As Expected, Obama Vetoes Keystone Pipeline Bill

We can’t say we didn’t see this one coming. Obama has vetoed the bill allowing the construction of the Keystone Pipeline, giving himself control over its future:

With no fanfare and a 104-word letter to the Senate, Mr. Obama vetoed legislation to authorize construction of a 1,179-mile pipeline that would carry 800,000 barrels of heavy petroleum a day from the oil sands of Alberta to ports and refineries on the Gulf Coast.

In exercising the unique power of the Oval Office for only the third time since his election in 2008, Mr. Obama accused lawmakers of seeking to circumvent the administration’s approval process for the pipeline by cutting short “consideration of issues that could bear on our national interest.”

By rejecting the legislation, Mr.

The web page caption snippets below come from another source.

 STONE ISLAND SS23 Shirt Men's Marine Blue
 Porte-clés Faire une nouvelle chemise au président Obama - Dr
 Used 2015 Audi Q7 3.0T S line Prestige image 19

Obama retains the right to make a final judgment on the pipeline on his own timeline.

Great. This pipeline could have done even more to shake control of our oil supply out of the hands of oil-rich Middle Eastern countries, most of whom obviously don’t have American interests at heart. But that’s not really that important apparently in the face of the vast environmental dangers of the pipeline.

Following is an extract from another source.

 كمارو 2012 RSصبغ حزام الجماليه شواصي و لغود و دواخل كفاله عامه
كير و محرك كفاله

What are those environmental dangers, you may ask? The simple version from environmentalists is two-fold: increased carbon emissions and increased fossil fuel dependency.

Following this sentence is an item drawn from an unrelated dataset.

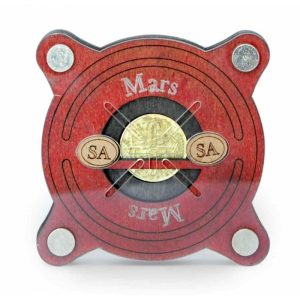 Star Adventures – Marte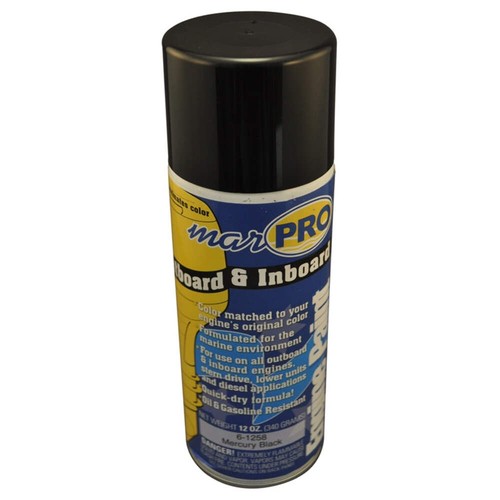 Marpro 1258 aerosol merc - 6-1258,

The energy strategy is to introduce large quantities of oil from Canadian tar sands. According to the US Department of Environmental Protection, the greenhouse gas emissions from Canadian oil sands crude oil will be more than 80% greater than oil refined in the US. Independent estimates run up to three times more global warming pollution than conventional oil.

Once the Keystone XL is in place, a wide area of the US will become dependent on oil from Canadian tar sands. With no available alternative, pressure will grow to import more and more of it. Even more dangerous, the pipeline will lock in dependence on fossil fuels for decades to come and remove the pressure to convert to renewable alternatives.

Are these concerns valid? Perhaps. It’s hard to tell. If you reject anthropogenic climate change theory and believe that oil dependency is inevitable, your argument will be that depending on oil from Canada is better than depending on it from OPEC, and you will also argue that carbon emissions do not have as much of an environmental impact as environmentalists think. What do you think? Is the Keystone Pipeline worth it? Or is it another crony scam from our bloated civil government? Does it actually present major environmental problems? Or is that just more hot air from the global warming quacks?